X ray chest in upright position helps in detecting pneumothorax, but in supine position air tracks to the anterior costophrenic sulcus. Thus radiographic signs of pneumothorax in supine position tends to be more subtle with approximately 30% of pneumothoraces going undetected. , In case of difficulty in diagnosing a pneumothorax in supine patients, modalities such as thoracic ultrasound and CT scan can be beneficial, but these were not available to us in the operating room. Rowen et al found that USG had an estimated sensitivity and negative predictive value of 100% & specificity of 94%.  40 % Pneumothorax or 80 % pneumomediastinum not visible on plain chest radiographs can be seen with CT scan.  Non specific ECG changes such as decrease in amplitude of ECG complex may occur before clinical symptoms developed.  Right axis deviation, precordial T wave inversion & electrical alternans are other ECG changes seen with tension pneumothorax.  However, it was normal in our case. Since patient gave history of chest pain but no other clinical or investigational features of pneumothorax, he was kept on conservative management for 24 hours. There may be a latent period of variable duration between the needle insertion into the pleura and development of pneumothorax. If the size of puncture on the lung surface is small it may be sealed off before symptomatic pneumothorax develops. , However if the size of puncture is large and when patient exerts,the air may leak into the pleural space resulting in clinical presentation of pneumothorax. The delayed pneumothorax in our patient could either be due to rent opening up on third postoperative day when patient exerted or because of x-rays not showing pneumothorax as they were done in supine position. Upright x-ray done on third postoperative day showed pneumothorax requiring intercostal tube drainage.

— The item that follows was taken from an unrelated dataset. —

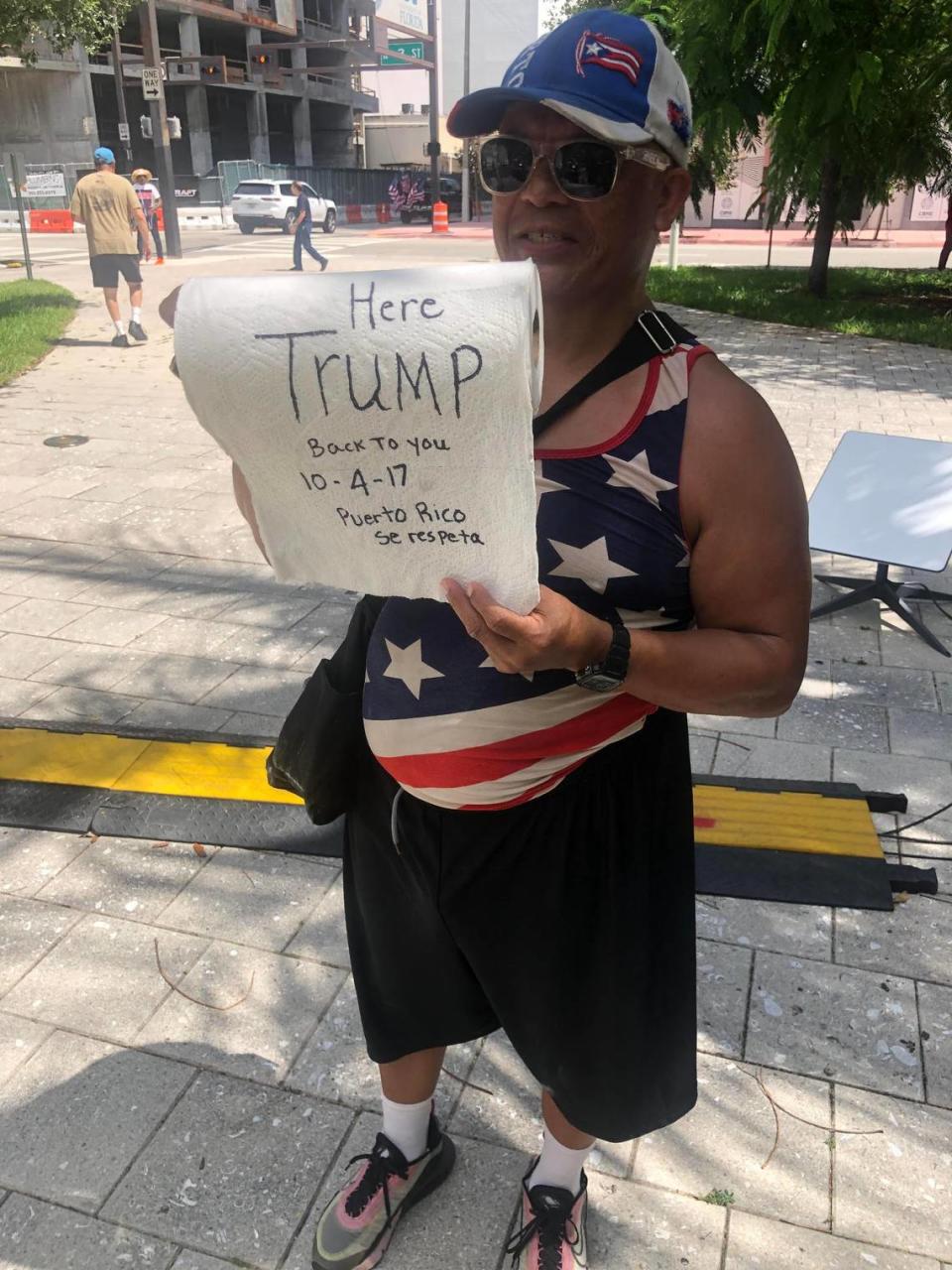 Remigio Echevarria, a 52-year-old handyman from Añasco, Puerto Rico, hands paper towels outside the federal courthouse, a nod to the time President Trump famously tossed rolls to a crowd in San Juan in October 2017 after Hurricane Maria devastated the island. One towel reads, “Here Trump, back to you. Puerto Rico respects itself.”
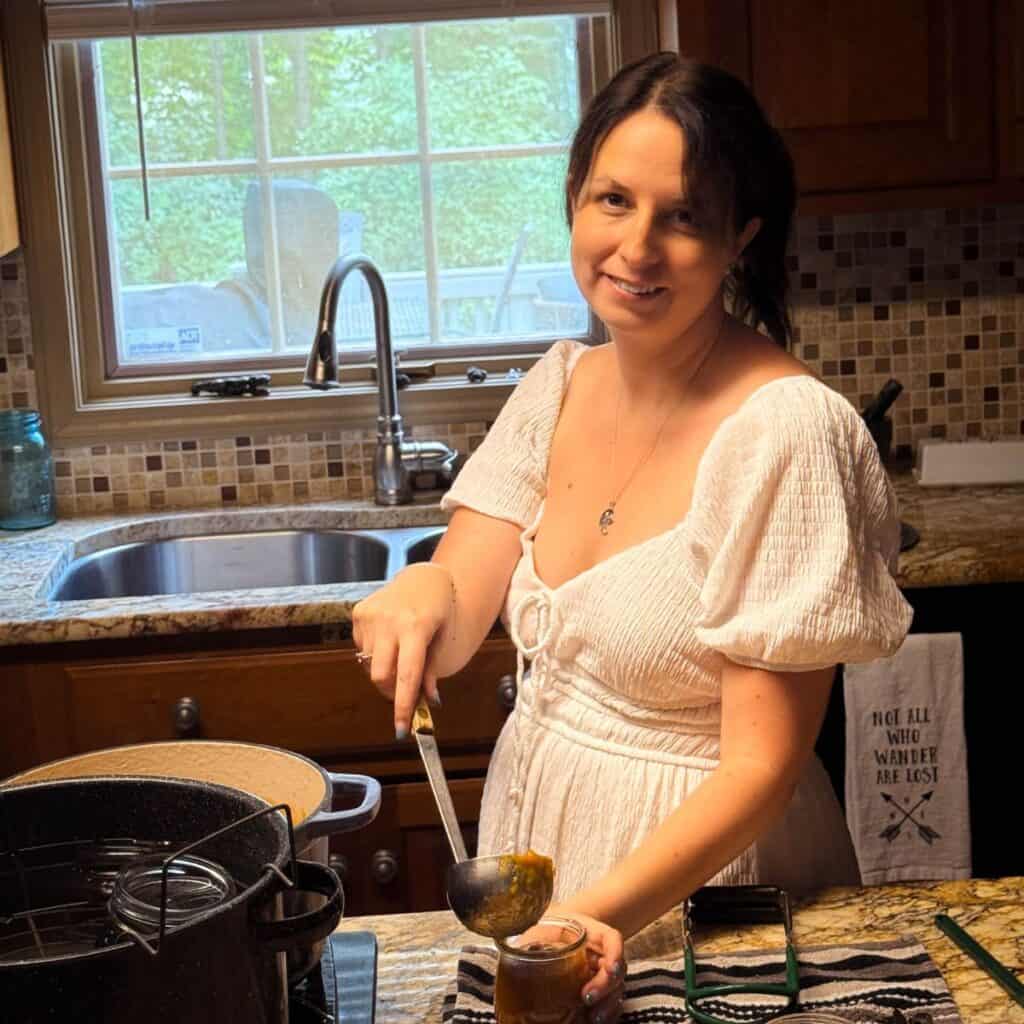 Persephone from The Rustic Elk canning homemade peach preserves in a real Midwest kitchen, showcasing hands-on food preservation skills and from-scratch cooking expertise.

We therefore suggest that whenever pleural puncture or pleuritic pain occurs, one should not rely only on X-ray chest that too in supine position. On table portable ultrasound may be useful adjunct in diagnosing even a minimal pneumothorax. Serial chest X-ray for 3 days may be done, keeping in view the possibility of latent pneumothorax after brachial plexus block.